After 24 months - that is 12 months after failing to switch - Greg Jackson of Octopus said that the big six suppliers fell even further down the list.

Companies and regulators know what proportion of customers will end up on SVTs but when approached by the BBC neither would say - on grounds of commercial confidentiality.

Lawrence Slade from industry body Energy UK said: "I don't think it's in any companies interest…to have customers sitting on standard variable tariffs particularly disengaged customers….. for the very simple reason in a short while other companies will be able to market directly to your SVT customers."

But energy pricing expert Ms Waddams estimates around half of customers on one-year deals with the big six end up not switching and paying high SVTs, providing the companies with sizeable additional revenue.

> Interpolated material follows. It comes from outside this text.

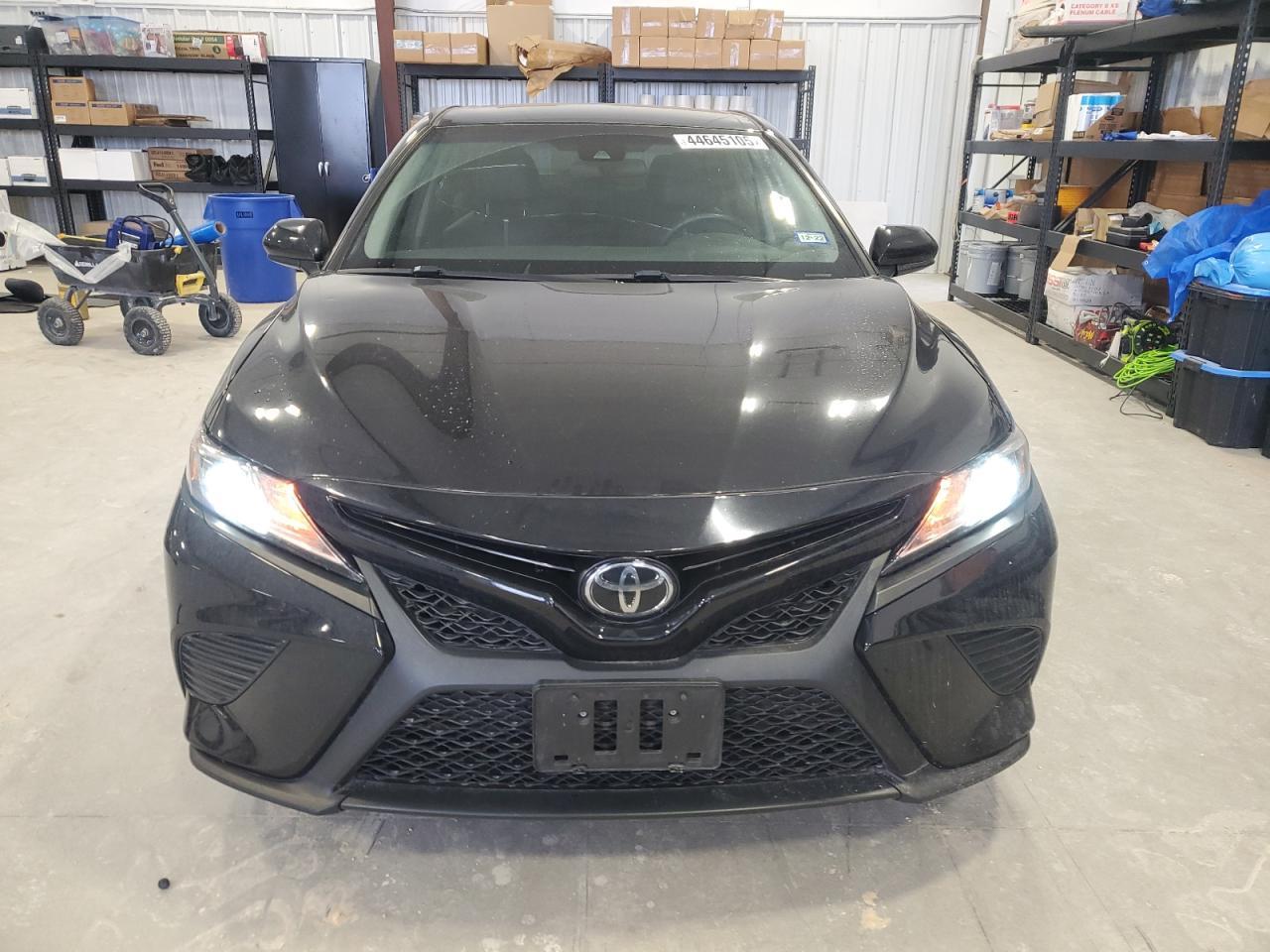 2018 TOYOTA CAMRY L - Фото 5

"It might be 20% to 30% more," she told the BBC. "The company is certainly making a substantial amount of additional revenue."

Ms Waddams says the additional revenue stream enables the big six to offer cheaper one-year deals.

"They go further up the ladder in terms of the attractiveness of their current rate because they can subsidise it by those who aren't going to switch later. Companies that don't have a buffer of people prepared to pay a higher price and not really notice aren't able to offer such a good introductory offer because they're not playing that game."

Mr Jackson thinks energy regulators should require more transparency on price comparison websites about companies' SVTs. This is not part of regulator Ofgem's consultation on how energy deals are marketed.